Saturday, March 19, 2011
Feel Babies! Feel! The Art of Deep Sea Diving
I read a book once that said the American narrative is "Good and getting better" and that this narrative taints our history books and doesn't really allow for all of the complexities and flavors to come through. If the stories that are being told do not reflect this narrative, then they get silenced. I've come to wonder whether or not this is a very cultural American view of the world or just every peoples view; I can see how that robs us of people, stories, and worth all the time.
I recently saw the CEO of my org do this session on failure that really struck me. Her basic message was one I had been trying to work out in my head for awhile. Failure is a necessity in a fully lived life. She said if we only accepted or avoided failures than we encouraged living that was tepid. Our peaks can only go as high as our valley's and as a result both get shrunken. On the other hand, if we failed deeply and relished the failure, the learning from the ultimate valley's created massive peaks in our living experience. (She had visuals that make this easier to express, haha)
I think a tepid relationship to failure ties into a tepid avoidance of the dark in our worlds and I think it's why we get so fascinated with pieces of art that are particularly dark, because they dare to go places where we normally put firm boundaries, but I digress.
As an assault survivor I can say that the avoidance of the dark stymied my healing for a very long time. The thing with being a survivor is that you actually CAN'T avoid it. It sneaks up on you in increments and pieces numbing or darkening your life. So then, you're faced with a choice, do I live a numbed and slightly sadder (for some slightly angrier) existence or do I dive into the pool of dark emotions and allow sadness, grief, and anger to be a visceral part of my living?
I have found that as I do, I may be in iteration 5 or 6 of diving back in to the scary parts, living becomes more vibrant, richer, and more full of gratitude. I feel the anger or sadness and thus feeling hours liberated from it and doused in gratitude for the warm and beautiful world that surrounds me, is a better high than I can bring myself to articulate in words. I am so aware that if I avoided the dark, my ability to see the light would be limited. So constricted with the pain that it would be hazy at best.
I've worked with a lot of kids and its taught me so much about our shared human experience. Mostly, they say what adults don't like to admit, and I appreciate the candor around it. In this time, a major theme pops back up over and over again when it comes to healing. Many of them have conceived success as "not hurting". And this, to me, is the major disservice that we do our collected community. We let so many of our little creations grow up believing that the goal is to not fail, hurt, be mad, or sad. In reality, this is exactly the existence we should wish for them. One of great joy and great pain which means life has been full of great living.
I can't tell you how many times I've been in rooms of adults and kids where I just want to scream out "FEEL my darlings! Feel!" I mean, I don't cause part of communicating is finding ways to be heard and the crazy lady screaming is rarely heard. haha. But the emotion is there.

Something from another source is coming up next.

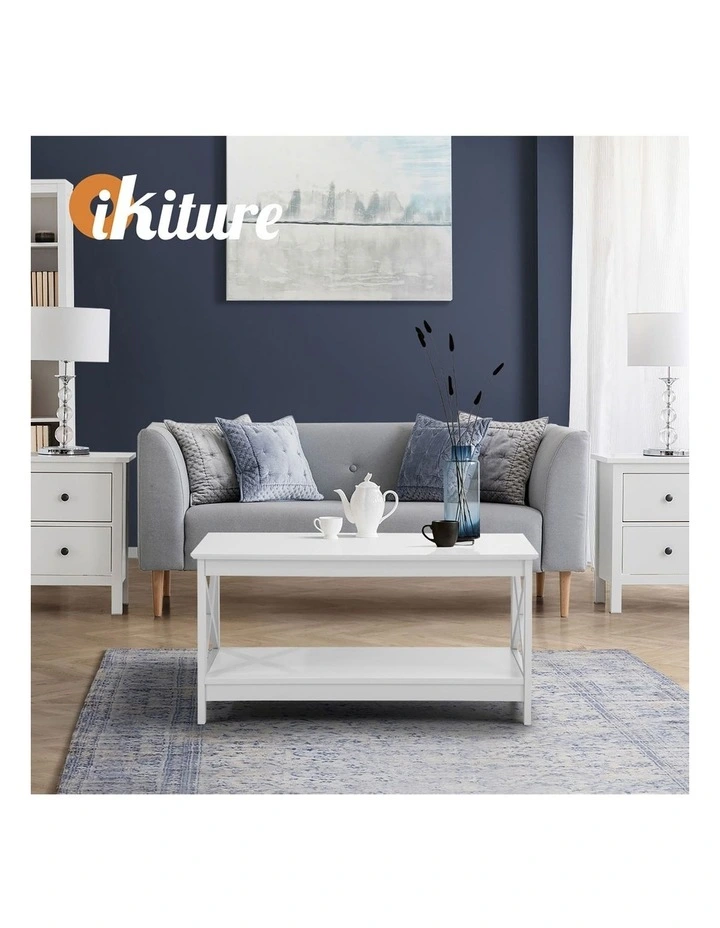 Oikiture Coffee Table Side Tables Storage Rack Shelf 2-Tier Hamptons Furniture image 7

I hate the thought of cauterizing a heart/spirit, especially as carelessly and unintentionally as we do. It really is such a different deal when someone makes a choice around this and says "No, actually, this is the life I want." vs stumbling into half living believing there is no other choice.
Of course, I can also see that this emotional meandering and self-indulgence is a luxury of the safe. When you have created a world as safe as mine, you can dive back into the dark, you know life rafts and life guards exist all around you. So thank you my lovely friends for giving me such a safe place to go deep sea diving in. It is allowing me to ingest more and more that I am not broken, just human.
Boy that humanity guys, it will get you huh? This overriding want to be animatronic when we are flesh. When did we put such a premium on being unaffected? When did that make us grown ups? What I know, and I admit that is very little, is that all of my favorite people have gone deep sea diving. They have dived so deep that the pain/anger/frustration/sadness/indignance/grief is no longer a trophy that gives them exemptions in how they treat themselves or their loved ones. They don't use booze, sex, drugs, church, kids, or anything else to avoid the tide of emotion at their perimeter. They swim and it is just another emotion(s) in the many that they get to feel as a part of living.